Wilhelm Pelizaeus, the collection’s founder, gave his antiquities to his hometown Hildesheim in 1907, where the Pelizaeus-Museum was established in 1911. 2011 the RPM celebrates its collection’s centenary with a great program throughout the year. The program started on 26th of February with the opening of the third and last part of the restructured Egyptian permanent exhibition: The Death in the Desert. Altogether the most important epochs of the Egyptian culture, from the predynastic to Christian times, are represented by 8000 objects. You will find extraordinary antiquities as well as tools and agricultural implements from a time span of 4000 years. Evidence of ancient Egypt humour is placed next to objects showing the ingrained belief in an afterlife, so that all aspects of life in ancient Egypt become visible.
Seated statue of Hem-iunu
The seated statue of vizier Hem-iunu is a one of a kind monument of it’s time. No other private people’s image comes even close to the dimension of the famous figure in Hildesheim. The quality of the stone and the workmanship are also extraordinary. The statue was found in a chamber of his tomb, which is situated in close vicinity to the Cheops Pyramid. Even though the tomb was looted during the Roman period, the figure of Hem-iunu remained. That might be due to the fact that the statue is extremely heavy: It weighs more than a ton. The massive damage of the head leads to the assumption that the eyes were made of quartz. Tomb robbers have forced them out, so that the face had to be reconstructed in a modern way.
The Old Kingdom
The first part of the permanent exhibition concentrates on the beginning of ancient Egypt history (ca. 3250 – 2707 BC) until the culture’s first revival during Old Kingdom (2707 – 2216 BC).

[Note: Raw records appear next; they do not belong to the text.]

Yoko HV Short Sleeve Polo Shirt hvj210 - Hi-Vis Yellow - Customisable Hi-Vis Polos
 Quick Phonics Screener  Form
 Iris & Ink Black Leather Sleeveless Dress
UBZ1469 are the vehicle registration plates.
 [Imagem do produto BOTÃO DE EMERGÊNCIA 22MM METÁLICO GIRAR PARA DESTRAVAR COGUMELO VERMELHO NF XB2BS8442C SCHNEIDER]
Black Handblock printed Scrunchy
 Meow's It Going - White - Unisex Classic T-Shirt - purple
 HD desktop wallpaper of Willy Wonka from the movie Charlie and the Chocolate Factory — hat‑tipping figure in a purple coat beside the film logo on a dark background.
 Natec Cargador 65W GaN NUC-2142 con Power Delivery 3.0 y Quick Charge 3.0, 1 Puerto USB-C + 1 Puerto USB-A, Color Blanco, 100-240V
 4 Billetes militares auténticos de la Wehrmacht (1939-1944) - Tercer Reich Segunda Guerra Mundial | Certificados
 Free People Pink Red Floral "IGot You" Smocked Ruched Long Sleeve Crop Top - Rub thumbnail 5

The subject “From Mastaba to Step Pyramid” sums up evidence of the prehistoric age as well as the early worshipping of gods, but also the first examples of arts and crafts. The visitor understands how simple pit tombs evolved into pyramids. Already on ancient world the Pyramid of Cheops was declared one of the Wonders of the World.
Life at the Nile
In the second part „Life at the Nile“ more than 600 exhibits show the diversity of everyday life in Egypt. The first room, themed “Horus and Saviour”, is dedicated to Ancient Egyptian religion. The exhibition design simulates a temple entrance in front of which statues, and temple equipment represent the variety of Egyptian Gods. This kind of installation enables the visitor to experience the objects like in their original contexts at their original sites.
Death in the Desert
The third part of the permanent exhibition focuses on some of the ancient Egypt antiquities, that can be seen as the most important source of knowledge about this culture: The belief in an afterlife. Organized into the areas “Man” and “Animal”, the exhibition picks up the two most important forms of burial, because in Egyptian belief the eternal accommodation of animals, which represent various Gods, is as important as that of men. Impressive examples show the architecture of private people’s tombes, among them the offering chapel from the Mastaba of Uhemka. Coffins, mummies, masks from different eras, amulets and shabtis represent the ideal burial equipment and illustrate the process of mummification. Special attention is given to the individual, which splits up into different aspects of identity after death and has to overcome many dangers to get into the fields of the blessed. The important reliefs from the cult chamber of the god Thot from Tuna el-Gebel in Middle Egypt (300 BC) are presented in an architectonic imitation of the underground chamber. Thus the visitor can experience the cult surrounding the god, who is depicted like an ibis or baboon, just like in Egypt. Mummies and coffins of animals illustrate the variety of the Egyptian fauna as well as the variety of Egyptian gods.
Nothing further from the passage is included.